Dunque, ci ricorda Winnicott, la creatività, la ricchezza aggiuntiva che mettiamo in qualsiasi lavoro facciamo, nasce dal gioco, dalla nostra capacità di tornare ad essere, di continuare ad essere quelle persone che eravamo nell’infanzia. Di qui l’importanza del gioco per l’uomo adulto, per ogni persona impegnata in attività produttive.
Ma, con Tournier, dobbiamo fare attenzione a attenzione a cogliere ciò che appare gioco e non lo è.
Non è gioco lo sport come ricerca della prestazione estrema, o come tifo violento. Non è gioco il computer game giocato con compulsivo accanimento.
Troppo spesso, in questi apparenti giochi, dietro l’apparenza si nasconde la più mostruosa e distruttiva ‘serietà’: la guerra, o il lavoro inteso come guerra. Non a caso, molte le teorie di management che si rifanno alla guerra. Poche o nessuna quelle che si rifanno al gioco.
In tutte queste situazioni di gioco malinteso. le pulsioni, lungi dall’essere mobili e plastiche, sono chiaramente indirizzate: contro l’altro, o contro la persona stessa. Non c’è costruzione, ma all’opposto distruzione. Il rispetto delle ‘regole del gioco’ porta lontanissimo dalla libertà creativa: porta al compito eseguito senza assumersene la responsabilità, porta alla passiva applicazione della procedura, porta al nascondersi dietro ruoli e modelli organizzativi.

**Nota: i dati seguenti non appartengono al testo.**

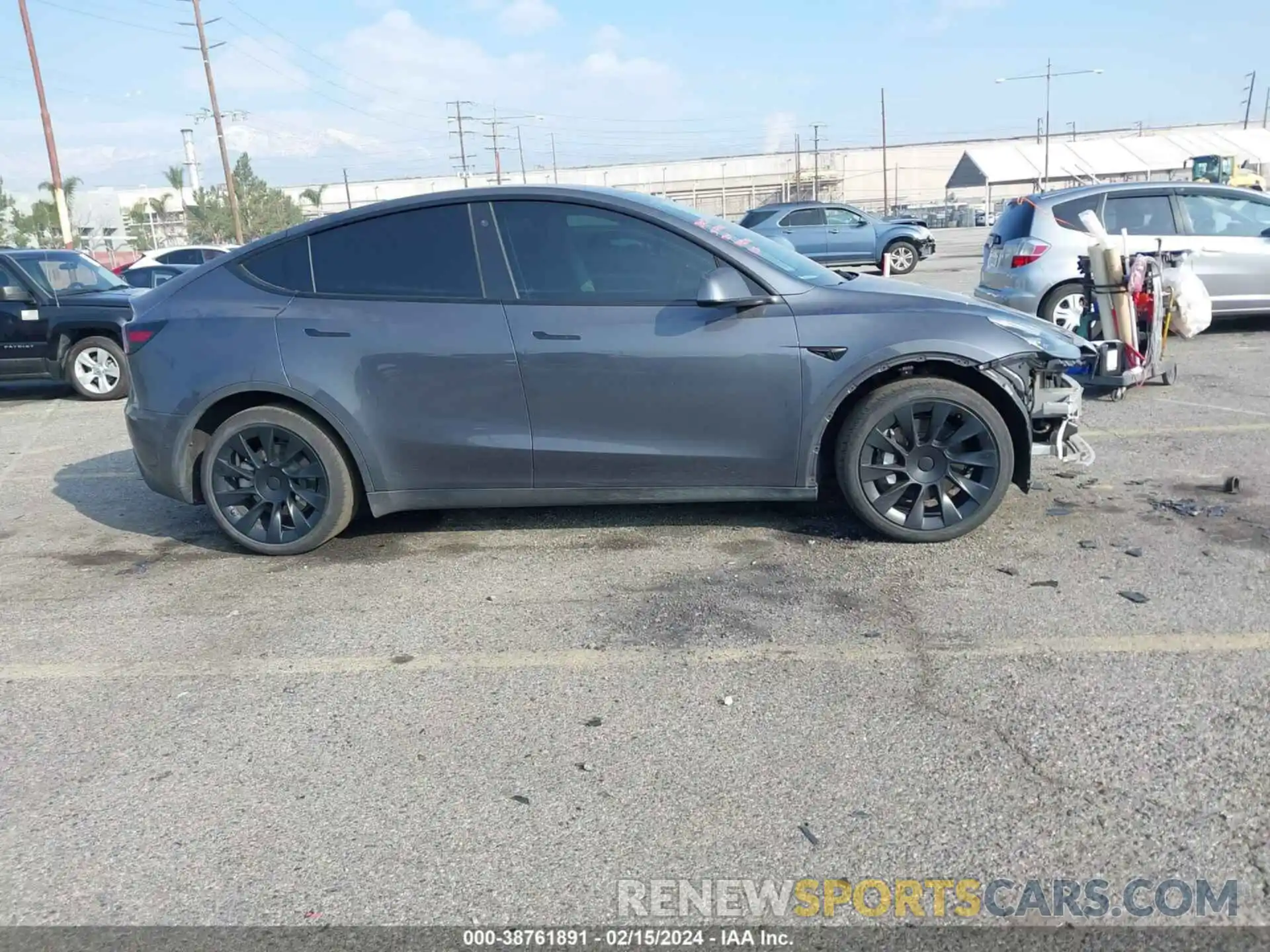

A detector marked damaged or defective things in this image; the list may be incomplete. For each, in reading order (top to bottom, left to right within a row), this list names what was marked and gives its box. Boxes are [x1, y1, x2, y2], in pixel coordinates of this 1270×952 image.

front-end damage [979, 352, 1095, 465]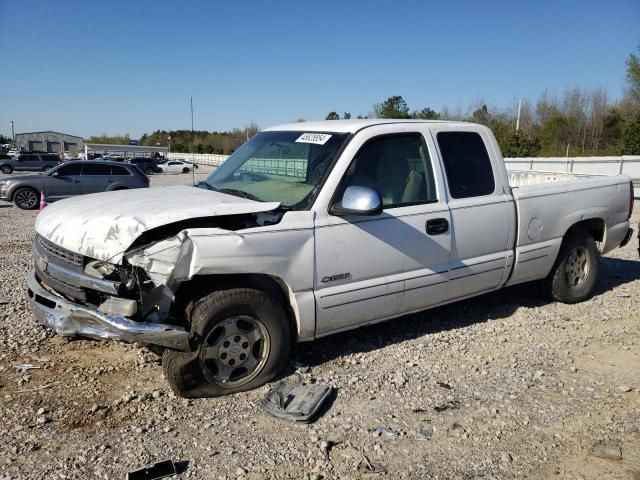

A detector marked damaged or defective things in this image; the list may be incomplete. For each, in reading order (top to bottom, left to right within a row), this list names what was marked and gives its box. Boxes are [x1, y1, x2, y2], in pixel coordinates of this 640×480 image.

E dunque abbiamo motivo di seguire Winnicott quando ci dice che la creatività passa attraverso la capacità di giocare ancora. E allo stesso Tournier ha le sue ragioni  nello scorgere dietro il gioco una ‘serietà omicida’. Eppure non possiamo  messa in luce Perciò il gioco -ed i giocattoli e le situazioni ludiche- costituiscono un importante ambito d’azione per chi si occupa di crescita e di apprendimento degli adulti.

Per avvicinarci ad intendere quali possano essere gli ambiti nei quali possa muoversi un progettista di contesti formativi per adulti fondati sul gioco, dobbiamo cercare di intendere cosa sia il gioco. Per questo, seguiamo Wittgenstein. “Giochi di scacchiera, giochi di carte, giochi di palla, gare sportive, e via discorrendo. Che cosa è comune a tutti questi giochi?” (4)
Wittgenstein ci invita ad andare oltre l’apparenza: “non dire: ‘deve esserci qualcosa di comune a tutti i giochi, altrimenti non si chiamerebbero ‘giochi’. Ma guarda se ci sia qualcosa di comune a tutti”. “Non pensare, ma osserva!”.
Così Wittgenstein passa in rassegna i giochi: i giochi di scacchiera, i giochi di carte, i giochi di palla, i girotondi. “E il risultato di questo esame suona: Vediamo una rete complicata di somiglianze che si sovrappongono e si incrociano a vicenda. Somiglianze in grande e in piccolo.”
Se si cercano regole e classificazioni, si finisce per non raccapezzarci più. A quel punto almeno una cosa è sicura: in quel momento non stiamo giocando. “Gli aspetti per noi più importanti delle cose sono nascosti nella loro semplicità e quotidianità”, nota Wittgenstein (5). Parlare di gioco non ci porta da nessuna parte. Ciò che serve è giocare.

Forse, ora, legando in una rete i discorsi di Winnicott, Tournier e Wittgenstein, possiamo tentare di indicare un percorso: la via lungo la quale dovrebbe incamminarsi che volesse progettare ambienti formativi fondati sul gioco, e rivolti agli adulti.
Chi volesse incamminarsi lungo questo cammino dovrebbe scoprirne la bontà nel suo stesso modo di agire. Dovrebbe vivere la situazione con l’innocenza di un bambino. Che gioca al di fuori di ogni situazione di lucro, senza chiedersi perché il gioco è piacevole, e limitandosi invece a provare piacere. Dovrebbe, nel progettare giochi, lui adulto, divertirsi.


1 - Donald W. Winnicott, Playng and Reality, London, Tavistock Publications, 1971; trad. it. Gioco e realtà, Roma, Armando, 1974, pp.102- 103.

2 - Donald W. Winnicott, op. cit., p. 117.

3 - Michel Tournier, Le roi des aulnes, Paris, Gallimard, 1970; trad it. Il re degli ontani, Milano, Garzanti, 1987, p. 316.

4 - Ludwig Wittgenstein, Philosophische Untersuchungen, Basil Blackwell, Oxford, 1953; trad. it. Ricerche filosofiche, Einaudi, 1967, § 66.

5 - Ludwig Wittgenstein, op. cit., § 129.